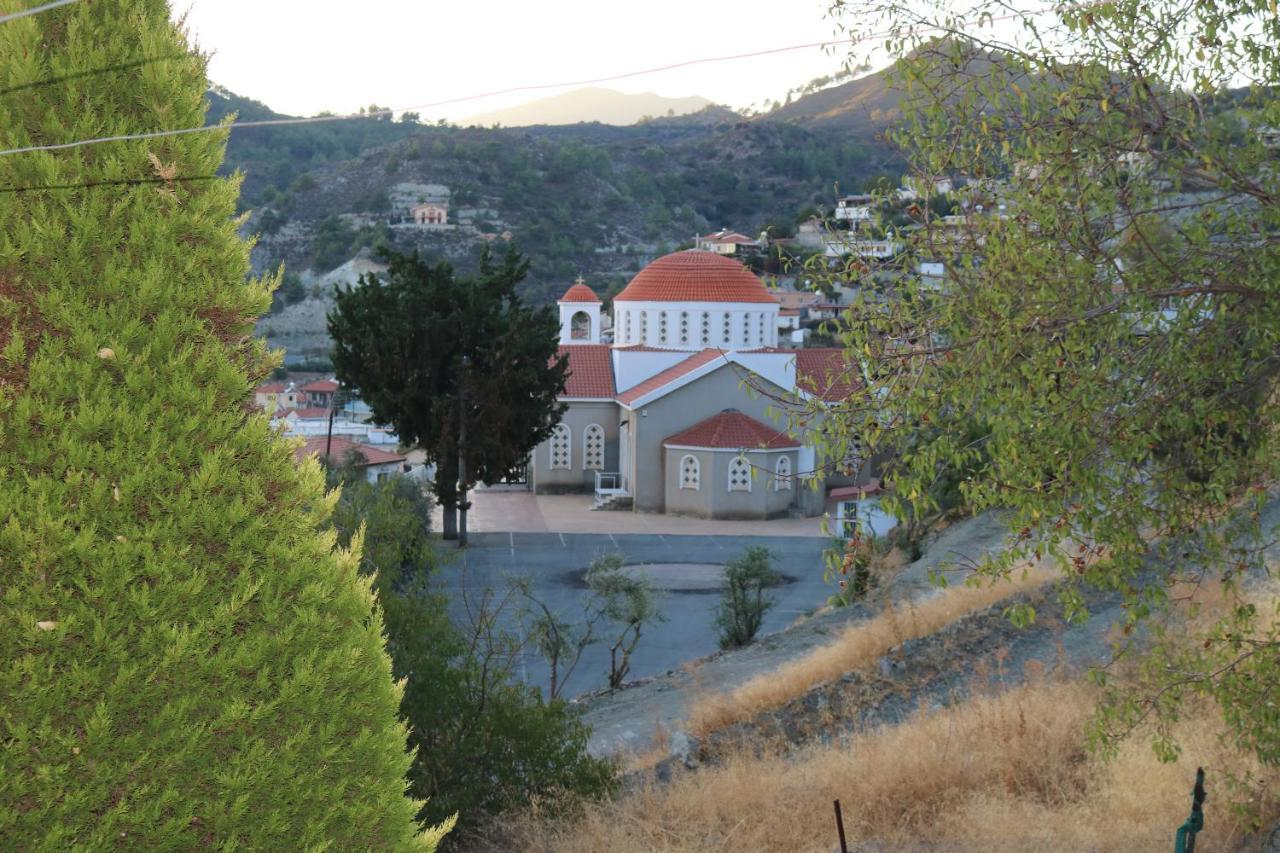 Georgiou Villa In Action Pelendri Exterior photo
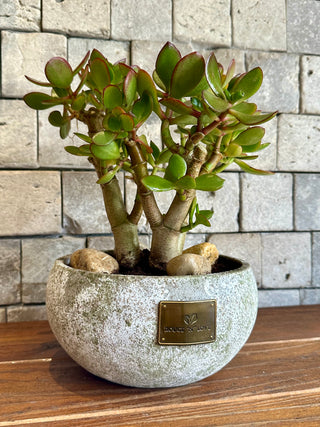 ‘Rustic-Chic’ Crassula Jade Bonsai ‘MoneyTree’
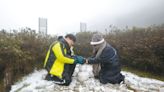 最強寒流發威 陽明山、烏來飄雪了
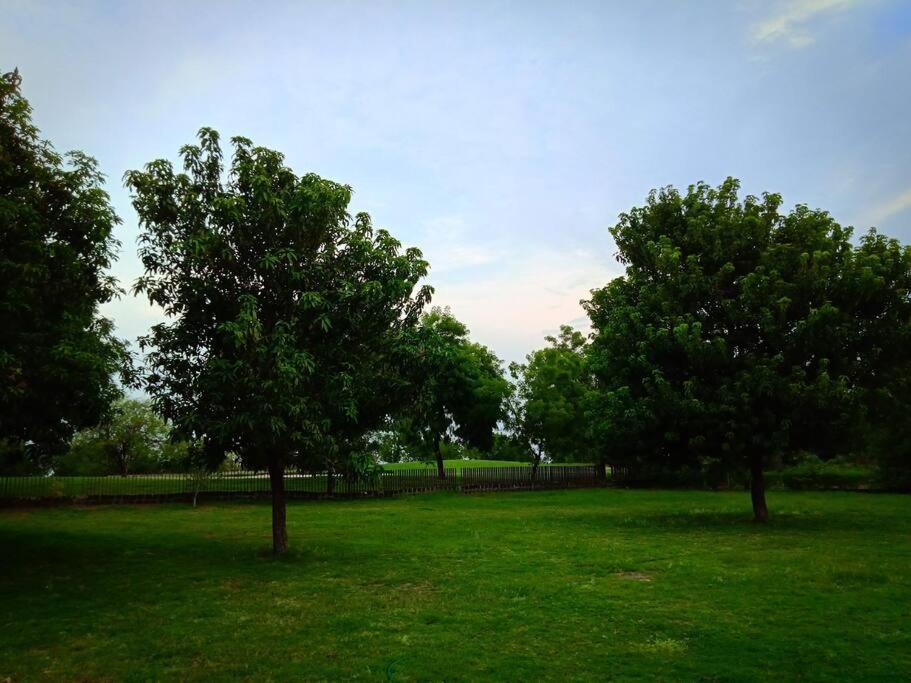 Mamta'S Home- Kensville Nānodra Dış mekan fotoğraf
= = = =
- _What you will do_
Please give the data above again in exact form and omit every picture.

- _Written solution_
 Georgiou Villa In Action Pelendri Exterior photo
 ‘Rustic-Chic’ Crassula Jade Bonsai ‘MoneyTree’
 最強寒流發威 陽明山、烏來飄雪了
 Mamta'S Home- Kensville Nānodra Dış mekan fotoğraf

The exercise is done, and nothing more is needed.